These documents are two versions of a pamphlet on “Oil and the Environment” published in the mid-1970’s by Imperial Oil Ltd., the Canadian subsidiary of Exxon, presumably prepared for public distribution. The documents demonstrate Imperial’s concern with their public image, particularly public perception of their environmental impact. Their concern with environmental PR is laid out explicitly in their 1971 report on research requirements and priorities. This document is part of the ClimateFiles Imperial Oil document set, gleaned by DeSmog researchers from the Glenbow Imperial Oil Archive Collection.
Both versions of the pamphlet state that Imperial’s struggle with pollution “isn’t a new fight,” and is part of the long history of human interaction with the environment going back to “8,000 years ago in Mesopotamia, where irrigation was invented.” Pollution and environmental degradation is also presented as an inevitability: “with three billion people on earth, man cannot help but contaminate the environment to some extent.”
The pamphlets go on to define various kinds of pollution, including air, water, and noise pollution, and explains some of the precautions taken by Imperial to minimize its own impacts. In doing so, however, the pamphlets also clarify expectations, reminding the reader that “you’ll probably never breathe pure air. Pure air contains 78 percent nitrogen and 21 percent oxygen. The other one percent is mostly carbon dioxide and argon, with traces of neon, helium, xenon, hydrogen, methane, krypton, and water vapor. Strictly speaking, air becomes polluted whenever anything is added to that mixture.” The documents are also careful to point out the ways in which Imperial’s existing practices fall within the standards of international treaties and regulations, specifying that “a subcommittee of the United Nations agrees that oily water may be discharged into the oceans” during ballasting or tank-cleaning operations.

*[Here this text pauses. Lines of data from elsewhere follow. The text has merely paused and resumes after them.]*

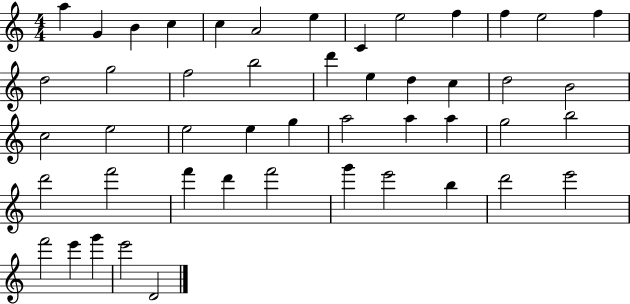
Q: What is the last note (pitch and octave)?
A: D4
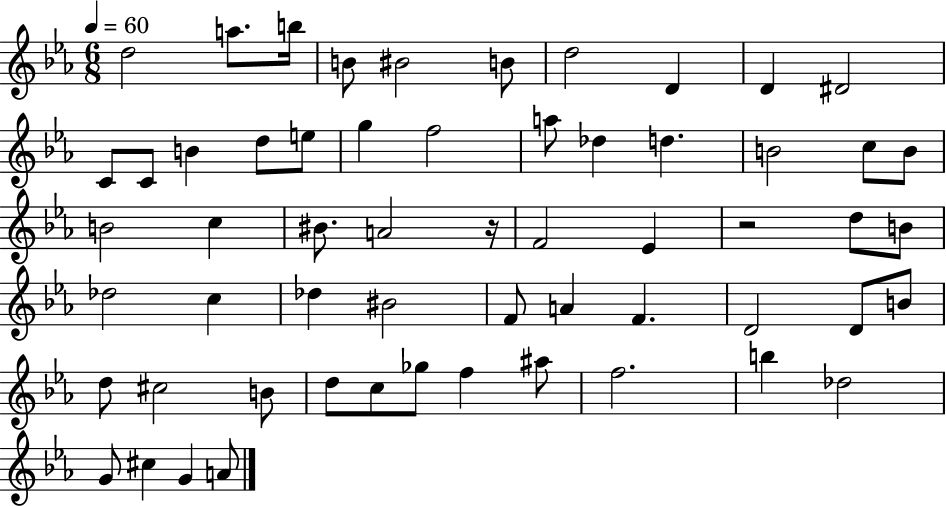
X:1
T:Untitled
M:6/8
L:1/4
K:Eb
d2 a/2 b/4 B/2 ^B2 B/2 d2 D D ^D2 C/2 C/2 B d/2 e/2 g f2 a/2 _d d B2 c/2 B/2 B2 c ^B/2 A2 z/4 F2 _E z2 d/2 B/2 _d2 c _d ^B2 F/2 A F D2 D/2 B/2 d/2 ^c2 B/2 d/2 c/2 _g/2 f ^a/2 f2 b _d2 G/2 ^c G A/2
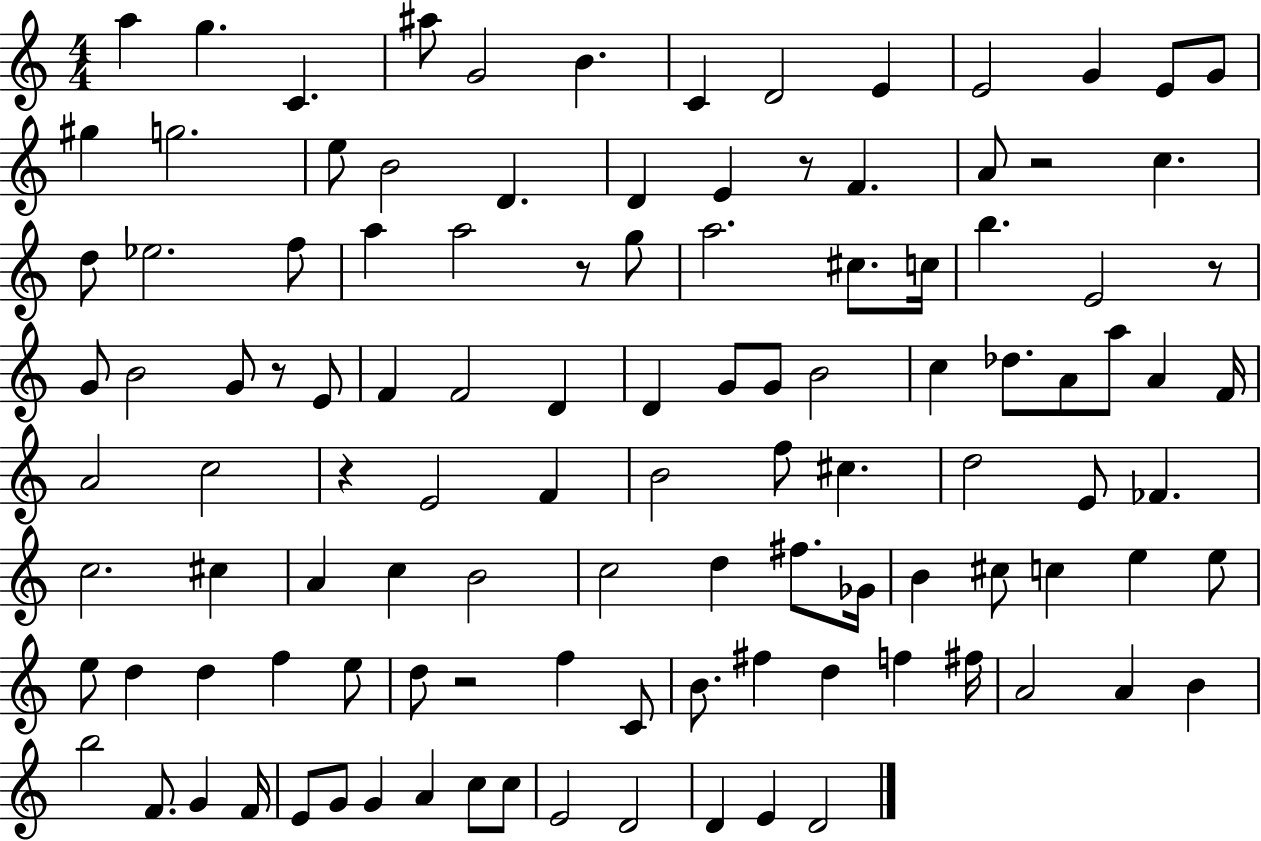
A5/q G5/q. C4/q. A#5/e G4/h B4/q. C4/q D4/h E4/q E4/h G4/q E4/e G4/e G#5/q G5/h. E5/e B4/h D4/q. D4/q E4/q R/e F4/q. A4/e R/h C5/q. D5/e Eb5/h. F5/e A5/q A5/h R/e G5/e A5/h. C#5/e. C5/s B5/q. E4/h R/e G4/e B4/h G4/e R/e E4/e F4/q F4/h D4/q D4/q G4/e G4/e B4/h C5/q Db5/e. A4/e A5/e A4/q F4/s A4/h C5/h R/q E4/h F4/q B4/h F5/e C#5/q. D5/h E4/e FES4/q. C5/h. C#5/q A4/q C5/q B4/h C5/h D5/q F#5/e. Gb4/s B4/q C#5/e C5/q E5/q E5/e E5/e D5/q D5/q F5/q E5/e D5/e R/h F5/q C4/e B4/e. F#5/q D5/q F5/q F#5/s A4/h A4/q B4/q B5/h F4/e. G4/q F4/s E4/e G4/e G4/q A4/q C5/e C5/e E4/h D4/h D4/q E4/q D4/h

In a section on air pollution, both pamphlets sheds light on Imperial’s projections for the future of automobile emissions. In the mid- to late-1970s, when this pamphlet was written, Imperial reported that “the goal for the middle-to-late 1970s is an essentially pollution-free automobile.”
These documents go on to emphasize the importance of the Arctic region in the future of oil exploration and extraction, noting that “an Imperial refinery has operated there since 1932,” and concluding that “The oil search must continue as long as Canadians need fuel for home heating, gasoline for automobiles, and petrochemicals for thousands of other objects of our daily lives.”